Anche la rivelata miseria morale della normalità di questo paese modello è solo uno schermo: a Knipfel non interessa poi tanto denunciare le disonestà. Come molti scrittori della sua generazione è stato fortemente influenzato da Thomas Pynchon, che non a caso ha molto lodato questo romanzo. Proprio l’autore di Gravity’s Raibow ha affermato una volta che la sola differenza tra la letteratura di genere e quella mainstream sta nel diverso peso che rispettivamente assegnano alla morte. Forse Knipfel conosce quella citazione, o forse è arrivato da solo alle stesse conclusioni. Di fatto, con Esequie rovescia le proporzioni abituali: traversa tutti i generi fondati sulla morte e sul delitto senza prenderne sul serio le convenzioni; in compenso restituisce alla morte tutta l’importanza e tutta la cruda verità che mistery, noir, horror e gotico sono quasi per definizione costretti a occultare.

Non si tratta, per Knipfel, di indugiare sulla descrizione splatter della morte violenta e neppure di scandagliare il dolore che la perdita provoca in chi resta o le sue conseguenze.

Lo scrittore del Wisconsin vuole invece misurarsi, tramite una grande ironia e una assoluta serietà, con la nuda consistenza della morte fisica e con i quesiti, le paure, le speranze che questa pone a proposito di ciò che resta, che si tratti di «pezzi» da immettere sul mercato o di un’anima immortale, del sogno della resurrezione come rinascita di un corpo migliore per chi soffre dei limiti di quello che gli è toccato in sorte o del ricordo lasciato in eredità ai sopravvissuti e sul quale i moderni Frankenstein di turno mirano a speculare.

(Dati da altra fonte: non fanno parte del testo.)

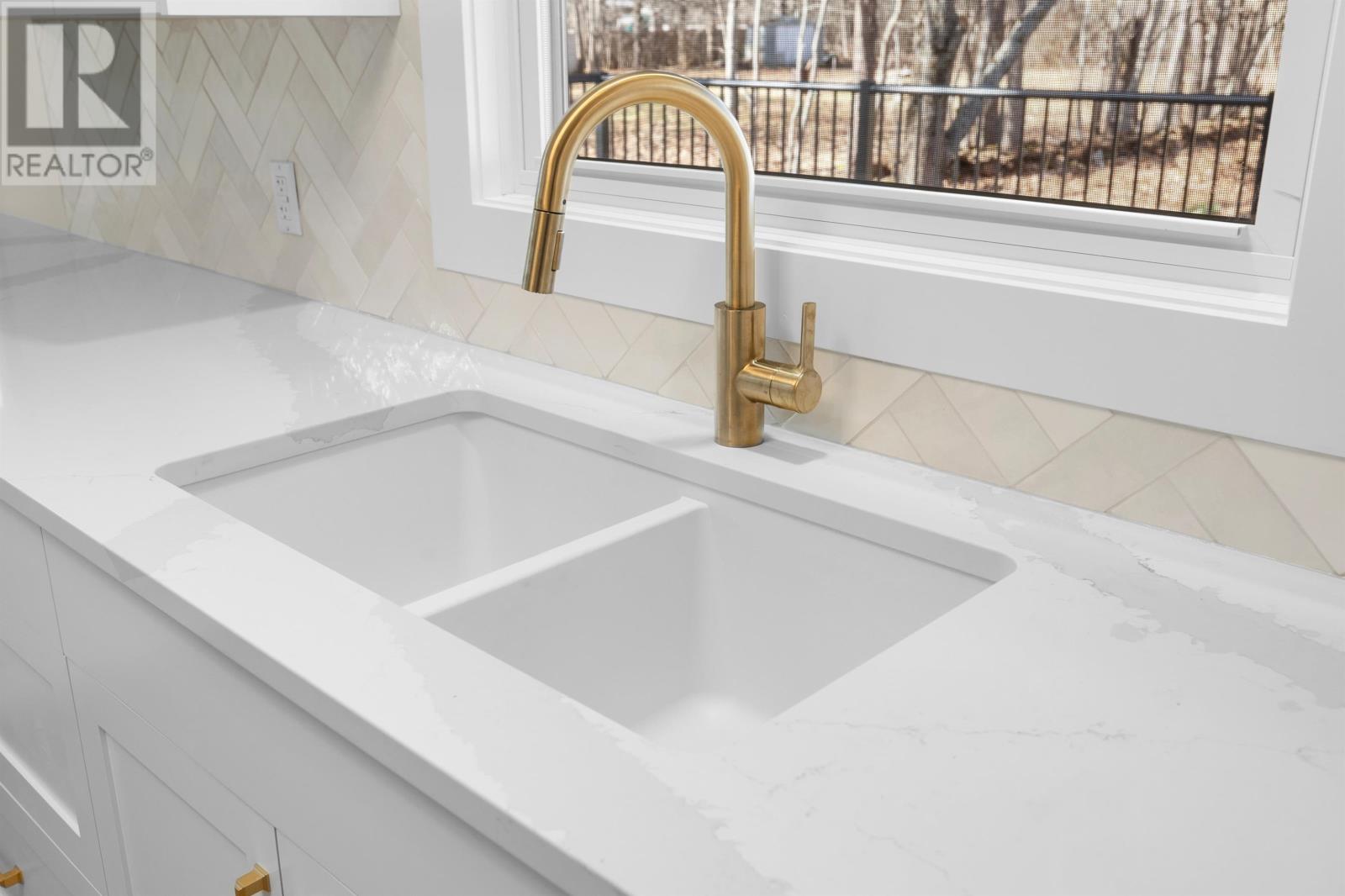 33 Wood Island Road, Montague, Prince Edward Island  C0A 1R0 - Photo 15 - 202608613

In questo romanzo, costruito con tanta intelligenza da rischiare di apparire a tratti freddo, i due piani sono correlati e si riflettono l’uno nell’altro. Il cinismo della cittadina europea piazzata nel cuore degli states, attraverso la quale l’autore legge non l’America ma la modernità intera, e un rapporto con la morte ridotta a esclusiva corporeità rimandano in continuazione l’uno all’altro. Se la morte è solo caducità dei corpi e la resurrezione il miraggio di un corpo diverso, come ci si può stupire se i residui di quei corpi finiscono sul mercato nell’indifferenza generale?